ARFI for Nonalcoholic Fatty Liver


Abstract

PURPOSE:

To investigate the clinical usefulness of ultrasonography-based acoustic radiation force impulse (ARFI) elastography (ie, ARFI sonoelastography) in patients with a diagnosis of nonalcoholic fatty liver disease (NAFLD) and compare ARFI sonoelastography results with transient sonoelastography and serum fibrosis marker test results.

MATERIALS AND METHODS:

Written informed consent was obtained from all subjects, and the local ethics committee approved the study.

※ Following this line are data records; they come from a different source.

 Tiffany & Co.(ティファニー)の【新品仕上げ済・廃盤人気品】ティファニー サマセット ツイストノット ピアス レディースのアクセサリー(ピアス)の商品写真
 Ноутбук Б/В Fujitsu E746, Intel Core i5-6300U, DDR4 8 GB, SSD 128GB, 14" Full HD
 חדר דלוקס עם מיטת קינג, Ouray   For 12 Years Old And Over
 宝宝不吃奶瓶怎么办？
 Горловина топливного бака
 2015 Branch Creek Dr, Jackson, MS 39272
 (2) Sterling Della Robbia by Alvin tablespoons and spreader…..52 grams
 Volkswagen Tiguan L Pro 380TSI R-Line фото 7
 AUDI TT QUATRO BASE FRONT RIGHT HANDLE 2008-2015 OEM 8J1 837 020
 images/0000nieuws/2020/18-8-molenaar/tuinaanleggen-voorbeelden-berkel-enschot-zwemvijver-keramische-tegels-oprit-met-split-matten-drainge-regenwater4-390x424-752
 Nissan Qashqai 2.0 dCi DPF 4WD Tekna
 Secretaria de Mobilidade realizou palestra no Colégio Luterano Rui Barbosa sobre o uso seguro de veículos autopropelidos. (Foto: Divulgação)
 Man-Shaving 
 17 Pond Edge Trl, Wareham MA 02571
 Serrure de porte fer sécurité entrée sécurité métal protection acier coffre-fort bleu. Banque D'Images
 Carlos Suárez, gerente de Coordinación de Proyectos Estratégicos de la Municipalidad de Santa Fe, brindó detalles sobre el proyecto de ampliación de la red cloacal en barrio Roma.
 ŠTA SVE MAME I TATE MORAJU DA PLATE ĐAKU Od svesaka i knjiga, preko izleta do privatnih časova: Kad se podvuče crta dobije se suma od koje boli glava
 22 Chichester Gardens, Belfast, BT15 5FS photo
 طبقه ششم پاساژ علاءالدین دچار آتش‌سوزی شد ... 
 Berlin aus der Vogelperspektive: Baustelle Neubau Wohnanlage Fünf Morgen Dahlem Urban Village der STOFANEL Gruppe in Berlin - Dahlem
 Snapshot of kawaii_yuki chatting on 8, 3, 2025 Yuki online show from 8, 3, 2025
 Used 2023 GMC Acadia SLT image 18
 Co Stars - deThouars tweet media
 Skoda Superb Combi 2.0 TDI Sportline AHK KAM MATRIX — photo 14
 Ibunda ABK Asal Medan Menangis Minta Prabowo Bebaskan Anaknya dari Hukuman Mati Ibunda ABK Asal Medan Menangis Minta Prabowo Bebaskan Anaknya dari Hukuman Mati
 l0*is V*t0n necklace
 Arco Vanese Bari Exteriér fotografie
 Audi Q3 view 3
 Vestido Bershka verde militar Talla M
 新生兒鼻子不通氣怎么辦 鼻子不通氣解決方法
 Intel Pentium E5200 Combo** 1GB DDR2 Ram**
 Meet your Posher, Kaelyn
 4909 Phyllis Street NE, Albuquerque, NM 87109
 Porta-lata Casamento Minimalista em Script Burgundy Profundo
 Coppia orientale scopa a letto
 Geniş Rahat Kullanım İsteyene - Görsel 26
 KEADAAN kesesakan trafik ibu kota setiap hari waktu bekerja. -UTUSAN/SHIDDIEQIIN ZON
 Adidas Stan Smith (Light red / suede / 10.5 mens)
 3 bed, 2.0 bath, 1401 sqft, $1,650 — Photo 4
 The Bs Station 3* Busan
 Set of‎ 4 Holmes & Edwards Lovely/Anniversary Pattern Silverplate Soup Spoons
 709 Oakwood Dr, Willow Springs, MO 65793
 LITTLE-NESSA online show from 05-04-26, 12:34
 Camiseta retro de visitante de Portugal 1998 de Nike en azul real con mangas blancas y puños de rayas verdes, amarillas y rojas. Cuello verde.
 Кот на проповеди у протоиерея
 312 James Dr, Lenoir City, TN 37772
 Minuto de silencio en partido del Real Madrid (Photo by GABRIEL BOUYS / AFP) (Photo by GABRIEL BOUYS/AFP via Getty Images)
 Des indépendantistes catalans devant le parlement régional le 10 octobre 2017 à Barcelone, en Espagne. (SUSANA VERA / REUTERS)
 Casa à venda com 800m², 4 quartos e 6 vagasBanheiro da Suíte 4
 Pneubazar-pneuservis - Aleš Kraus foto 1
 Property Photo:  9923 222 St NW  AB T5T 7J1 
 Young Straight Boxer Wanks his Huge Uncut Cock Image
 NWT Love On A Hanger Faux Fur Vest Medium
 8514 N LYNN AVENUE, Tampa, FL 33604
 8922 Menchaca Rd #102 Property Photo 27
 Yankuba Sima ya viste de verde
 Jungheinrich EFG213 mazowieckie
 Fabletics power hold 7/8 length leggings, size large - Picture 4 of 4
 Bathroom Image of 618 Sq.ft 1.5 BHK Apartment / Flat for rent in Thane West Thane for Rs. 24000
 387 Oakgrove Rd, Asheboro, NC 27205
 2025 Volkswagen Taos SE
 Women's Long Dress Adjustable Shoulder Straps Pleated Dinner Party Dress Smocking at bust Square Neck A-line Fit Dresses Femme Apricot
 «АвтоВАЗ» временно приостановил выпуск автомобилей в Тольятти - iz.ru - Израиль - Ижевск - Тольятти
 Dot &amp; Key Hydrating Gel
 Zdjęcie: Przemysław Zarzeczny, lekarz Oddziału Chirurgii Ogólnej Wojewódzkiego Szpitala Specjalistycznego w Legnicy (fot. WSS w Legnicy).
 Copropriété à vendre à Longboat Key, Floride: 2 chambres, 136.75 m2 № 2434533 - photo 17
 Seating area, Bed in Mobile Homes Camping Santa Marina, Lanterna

Fifty-four patients with a liver biopsy-confirmed diagnosis of NAFLD (mean age, 50.6 years +/- 13.7) were examined. All patients with NAFLD and healthy volunteers underwent ARFI sonoelastography, transient sonoelastography, and serum liver fibrosis marker testing (hyaluronic acids, type IV collagen 7 S domain). Ten healthy volunteers underwent ARFI sonoelastography. ARFI sonoelastography results were compared with liver biopsy findings, the reference standard. ARFI sonoelastography findings were compared with liver biopsy, transient sonoelastography, and serum fibrosis marker test results. Student t testing was used for univariate comparisons; Kruskal-Wallis testing, for assessments involving more than two independent groups; and areas under the receiver operating characteristic curve (A(z)), to assess the sensitivity and specificity of ARFI sonoelastography for detection of stage 3 and stage 4 fibrosis.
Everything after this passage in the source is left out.